## PROVIDED ENTRIES
- - -

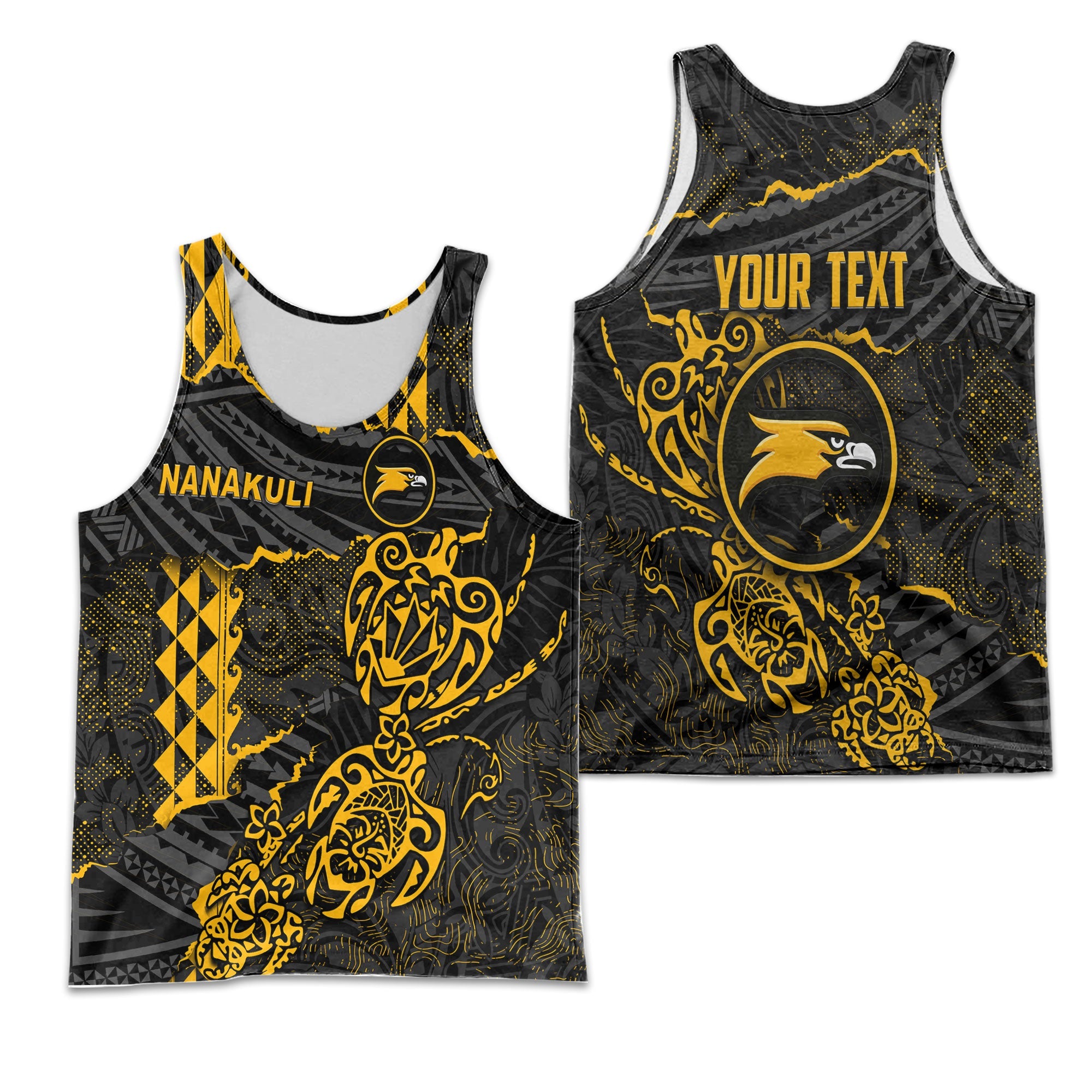 Hawaii Nanakuli High School Custom Men Tank Top Polynesian Turtle Style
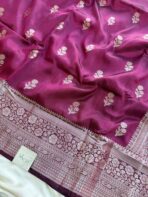 Shyamala (Banarasi silk blend) - Berry - Image 3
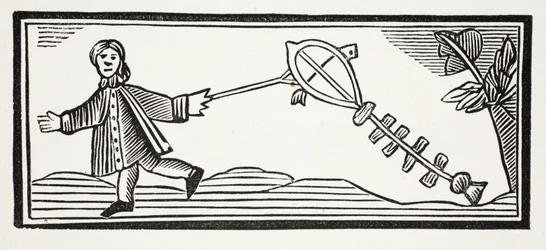 En pappersdrake som sätter upp den höga luften, illustration från Chap-books of the artonde århundradet av John Ashton, pub. 1882
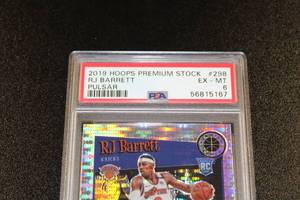 lot 120 image: 2019-20 Hoops Premium Stock Pulsar Prizm RJ Barrett #298 Rookie Card PSA 6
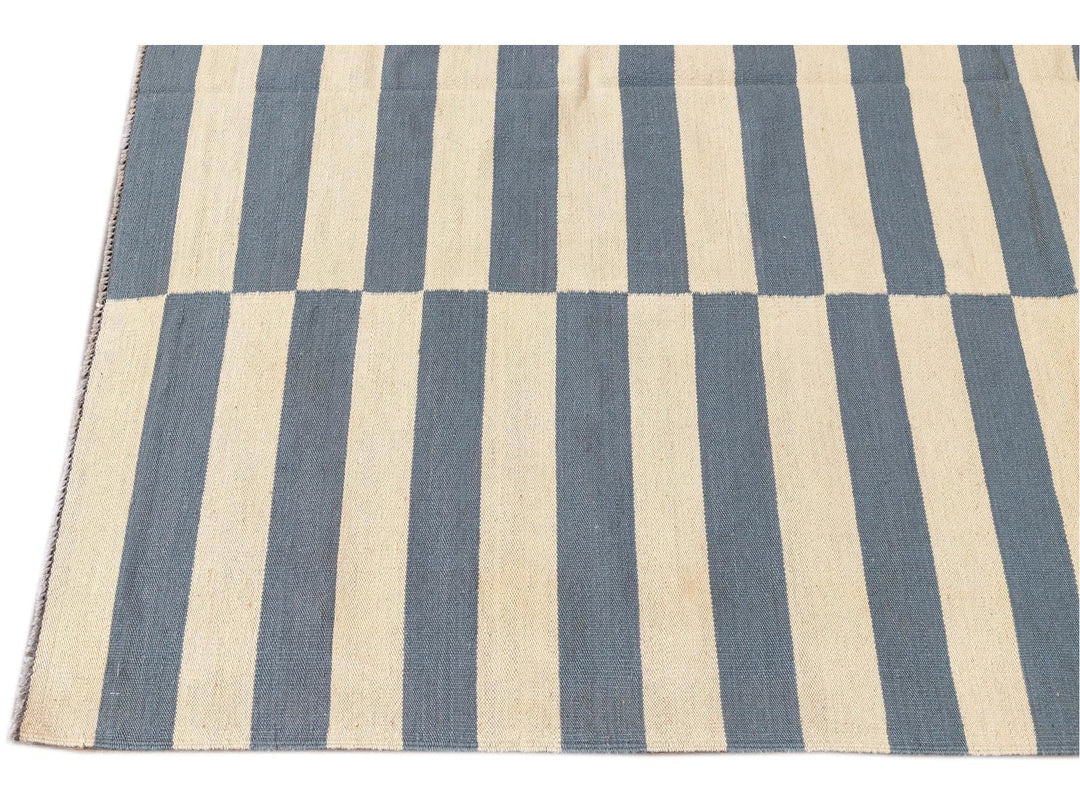 Modern Striped Flatweave Kilim Rug 9 X 12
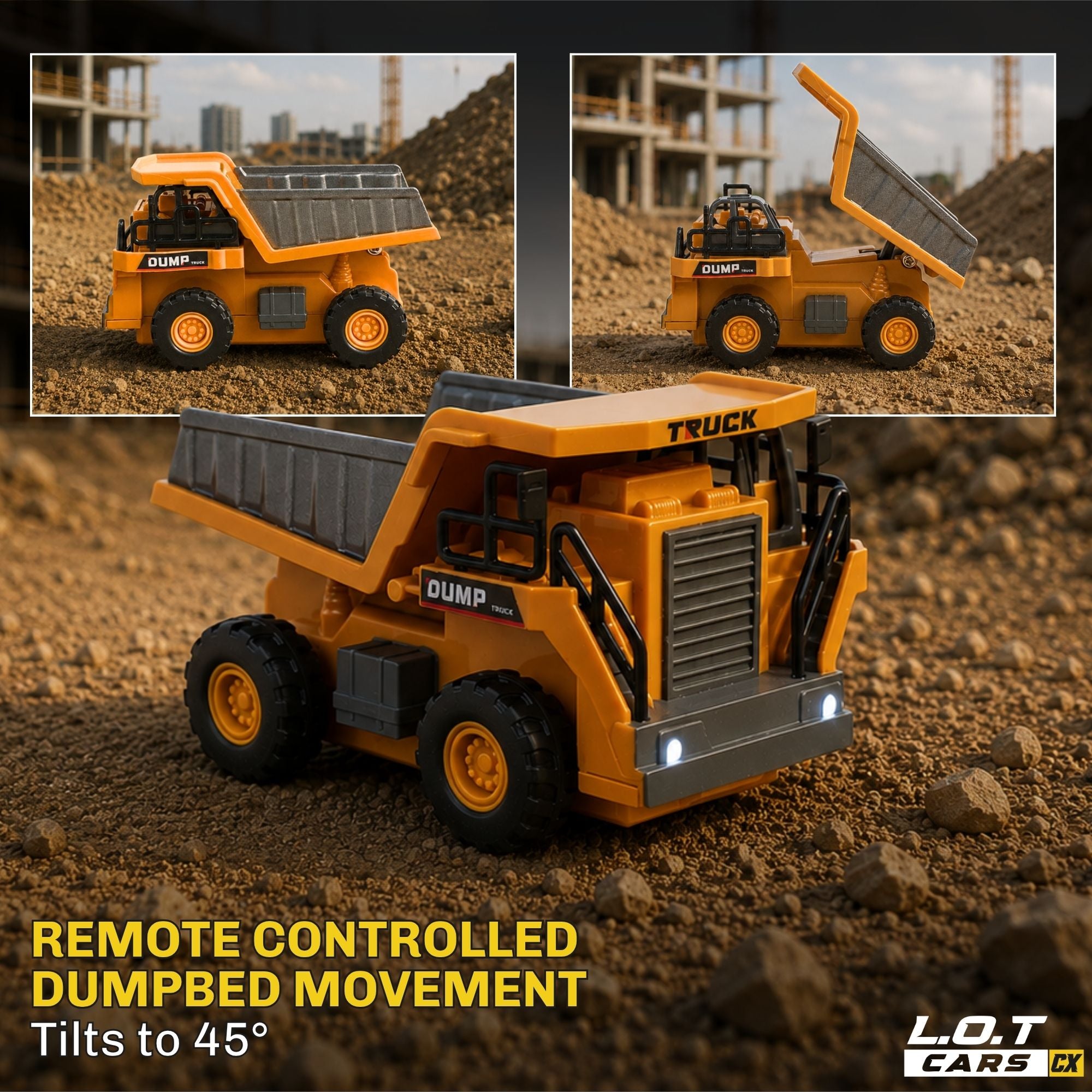 RC dump truck with remote control features on a construction site background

- - -

## EXERCISE DIRECTIONS
Copy out the listing word for word and skip its pictures.

## EXERCISE ANSWER
 Hawaii Nanakuli High School Custom Men Tank Top Polynesian Turtle Style
 Shyamala (Banarasi silk blend) - Berry - Image 3
 En pappersdrake som sätter upp den höga luften, illustration från Chap-books of the artonde århundradet av John Ashton, pub. 1882
 lot 120 image: 2019-20 Hoops Premium Stock Pulsar Prizm RJ Barrett #298 Rookie Card PSA 6
 Modern Striped Flatweave Kilim Rug 9 X 12
 RC dump truck with remote control features on a construction site background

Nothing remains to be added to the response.